Shortly thereafter was one for Argo. Also filmed in Istanbul.
Taken 2 began and moments in and Bryan (Liam Neeson) was off on an unexplained work trip. To Istanbul, of course, because Hollywood isn’t going anywhere else in 2012.
I’ve been lucky enough to visit on three occasions. Istanbul is one of my favourite cities and without a return scheduled, I can happily settle for ogling.
Had Taken 2 been filmed anywhere else and I’d quickly have dismissed it as phallic shlock. But the splendid backdrop motivated me to not only cut it a little slack but allow myself to take it too seriously.
Nope, I’m not Turkish, but on every visit some random person has claimed I have “eyes of the Turk”. I’m construing the remark as a) a compliment and b) testimony to my affinity with the Turks and my duty to defend them against stupid insults.
On one hand this shakily-shot, laughably idiotic romp does a pretty good job at showcasing the city’s aesthetic wares. Like the equally dodgy The International (2009), Istanbul is shown as noisy and delicious and architecturally spectacular.
And yet, as gorgeous and crazy as Istanbul is portrayed, some demonisation occurs that no amount of terrific music or seductive cityscapes can disguise.

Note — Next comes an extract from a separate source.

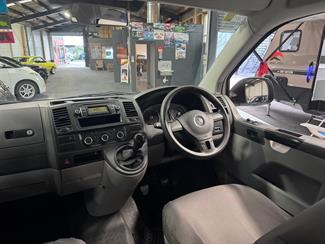 2011 Volkswagen T5 - Thumbnail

While copious supplies of flags and headscarves work – eye-rollingly – to convince audiences that Turkey is so very ethnic and foreign and suspicious, Taken 2 has even bigger problems than inaccuracy.
Apparently turfing grenades all over Istanbul is the only way to track down someone who’s been kidnapped. Property destroyed? People killed? Pfft, merely collateral damage: good God, man, American lives are at stake!
As though this isn’t all disrespectful enough, cue any number of brilliant/ethical Anglo and dumb/shady Wog stereotypes.
He might be 60, but Bryan is an American. Which equally explains why he can single-handedly outwit and outsmart even the most diabolical of cheap leather jacket-wearing overlords.
And being an American, of course, he’ll fight cleanly, honourably. Unlike those swarthy and lascivious Turks who rape and terrorise and compulsively watch soccer on broken TVs while eating borek.
And of course, there’s going to be a car crash and a simit cart will get rammed sending the sesame treats flying.
And of course there’ll be a duel in a hamam. Because, really, what other possibilities are there for men in a bathhouse?
No, no whirling dervishes. Fortunately. And I only spotted one stray cat. But there’s hookahs and knock-off-handbag merchants and carpet peddlers a'plenty. As Morrissey would croon, dial-a-cliché.
Taken 2 is nowhere near the worst film I’ve seen this year – in fact, ironically, Once Upon a Time in Anatolia is far less enjoyable – but it’s certainly the most racist.
So just how much city porn can compensate for mean stereotypes and gross disrespect?